- _WORK INSTRUCTIONS_
Without any pictures, print exactly the lines that run from the start of the data through the line containing "2025 Chevrolet Colorado".
——
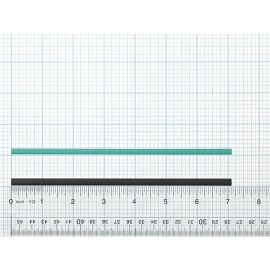 Kohler 1036160 PUSH ROD KIT | NorthShoreFaucets.com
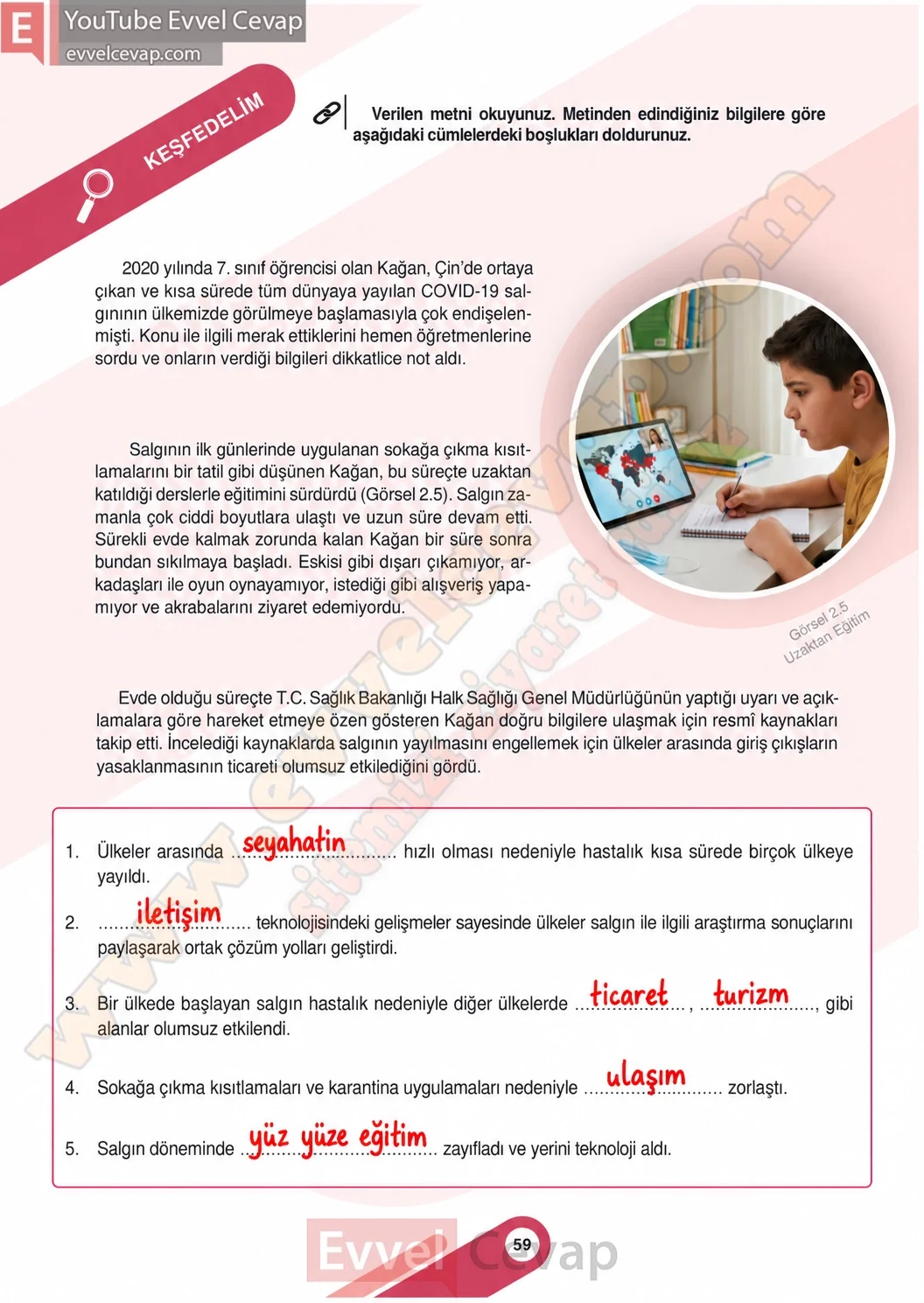 7-sinif-sosyal-bilgiler-ders-kitabi-cevaplari-meb-yayinlari-1-kitap-sayfa-59-2026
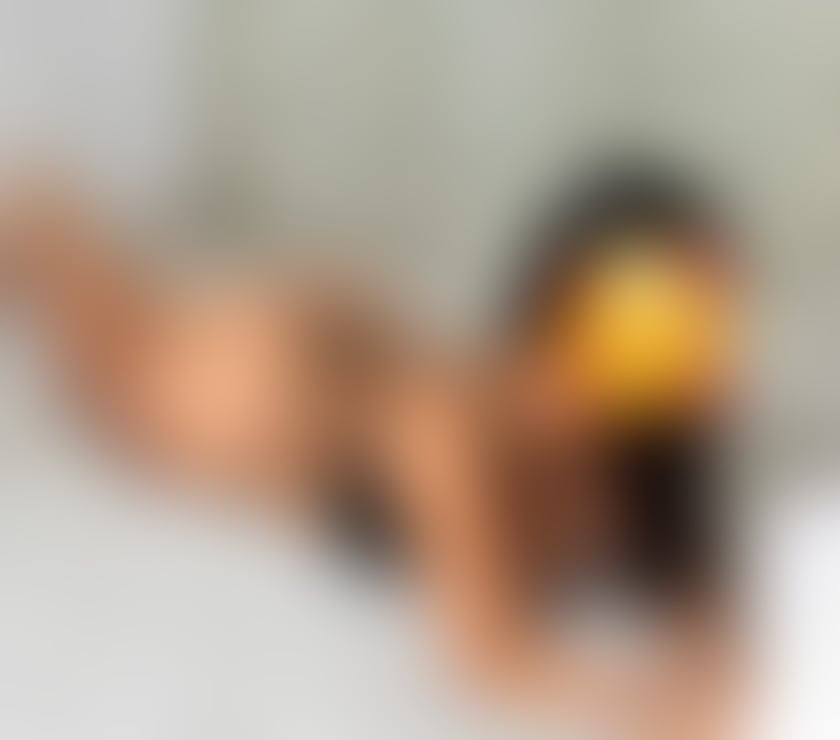 Escorts and Massages Lawley Furnaces Telford and Wrekin - Photos for Hello i M rossy and i M new in this area❤️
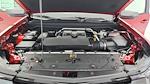 2025 Chevrolet Colorado Crew Cab 4x4 Pickup for sale #36266N - photo 20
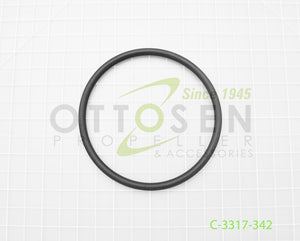 C-3317-342-HARTZELL-PROPELLER-O-RING-PICTURE-2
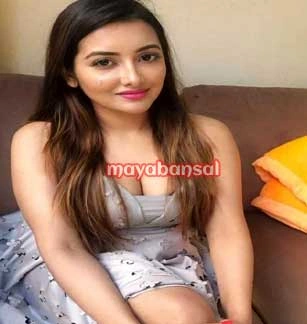 Classic Meerut Call Girls Direct Payment - Mehak Sharma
——
- _EXERCISE SOLUTION_
 Kohler 1036160 PUSH ROD KIT | NorthShoreFaucets.com
 7-sinif-sosyal-bilgiler-ders-kitabi-cevaplari-meb-yayinlari-1-kitap-sayfa-59-2026
 Escorts and Massages Lawley Furnaces Telford and Wrekin - Photos for Hello i M rossy and i M new in this area❤️
 2025 Chevrolet Colorado Crew Cab 4x4 Pickup for sale #36266N - photo 20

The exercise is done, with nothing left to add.